Coal India is expected to lose at least 3.6 million tonne (mt) of production and an equal amount of coal sales, estimated around Rs 500 crore, after four central trade unions (CTUs) decided to join the nationwide two-day strike beginning on January 8.
Four trade unions — Congress-backed Indian National Trade Union Congress (INTUC), CPI-backed All India Trade Union Congress, CPI(M)-backed Centre of Indian Trade Unions and Forward Bloc-supported Hind Mazdoor Sabha — have given a call to stop mining activities in the company, on the lines of the nationwide strike called in protest against several government policies.

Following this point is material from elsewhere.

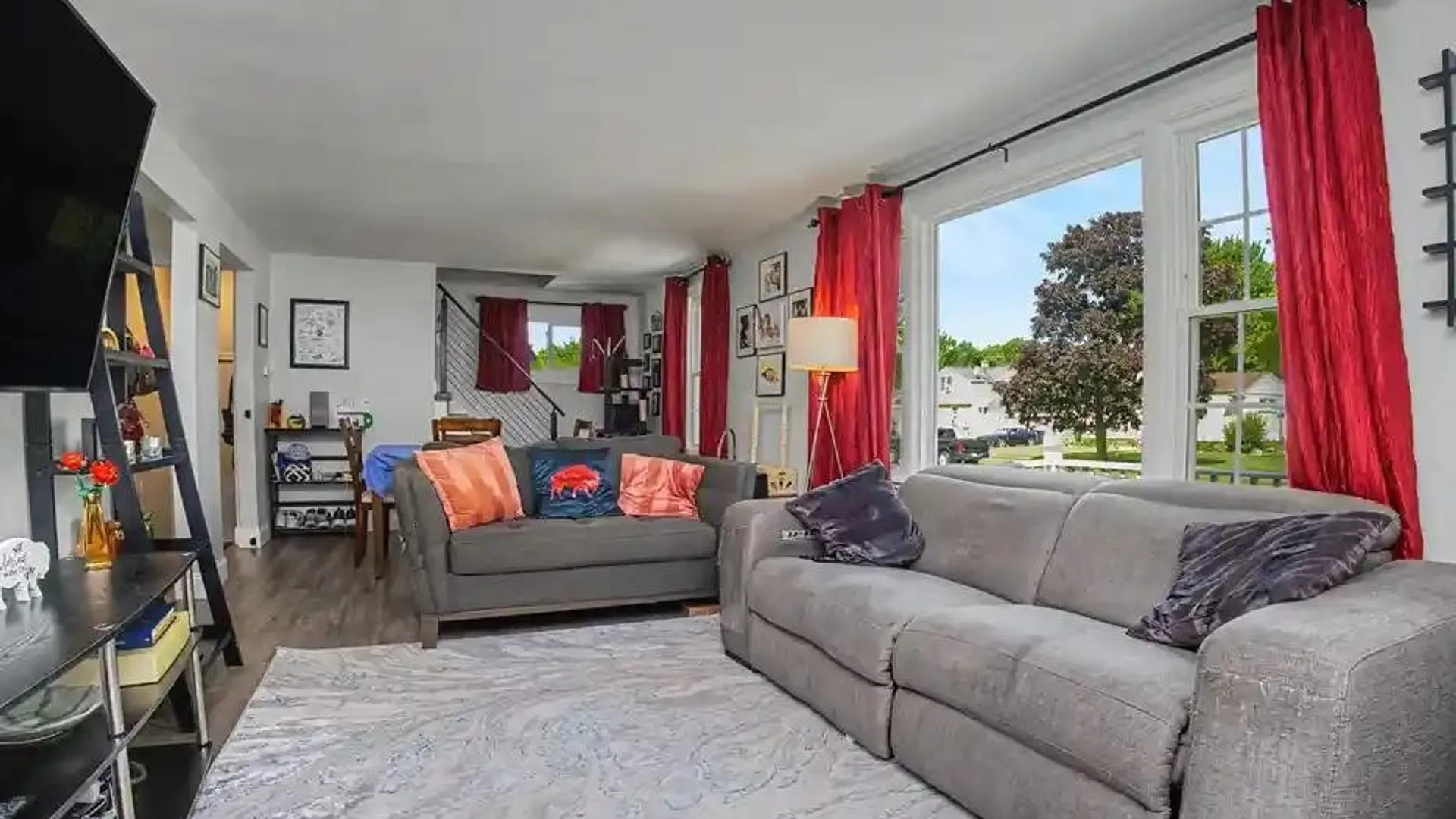 Property at 21 Alliger Drive, Tonawanda, NY 14150 7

The BJP-led Bharatiya Mazdoor Sangh, the second-largest trade union in Coal India, will abstain from the strike.
This comes in the wake of at least 10 power plants in the country facing severe coal shortage at the very beginning of the new calendar year and Coal India boosting its production to meet the demand from power companies. The company even liquidated its stocks in the process.
Usually, despite any production levels, the state-owned miner keeps at least 30 mt of coal stock with itself for various exigencies. However, in the wake of higher demand from the power plants, Coal India recently stepped up its despatches and risked its pit-head stock falling to sub-25 mt levels.
On whether the proposed strike will aggravate the coal availability situation in the country, S Q Zama, secretary general of the National Mine Workers’ Federation, a worker’s union in Coal India registered under the INTUC, said, “While it is true that coal supplies to power generators will be hit, the strike is a last resort. We have time and again raised our issues but it had fallen on deaf ears.”
A report from India Ratings and Research suggested that in November last year, while all-India energy requirements increased 4.9 per cent, the available energy increased by 5.2 per cent. “Thermal generation in November 2018 was supported by an increase in monthly coal production by Coal India to 52.1 mt. Coal inventory at power stations improved 26.2 per cent driven by higher production and lower seasonal electricity demand,” the report said.
In the same month, short-term power prices declined to Rs 3.59/kWh compared to the last two months but increased marginally from Rs 3.55/kWh in November 2017.
“The decline in prices was on account of the ongoing winter season, leading to a lower electricity demand,” the report added.
Furthermore, Coal India’s sales volume had also declined by 1.2 per cent in December last year at 52.77 mt, backed by a 0.9 per cent decline in production at 54.13 mt.
A senior Coal India official said while the Maharatna company is striving to maintain its production and despatch levels, workers’ attendance may be low as the major trade unions have joined hands.
“We have tried to discuss with the trade unions to address their issues and arrive at a compromise, but the strike on these dates is backed by a call for a national strike,” the official said.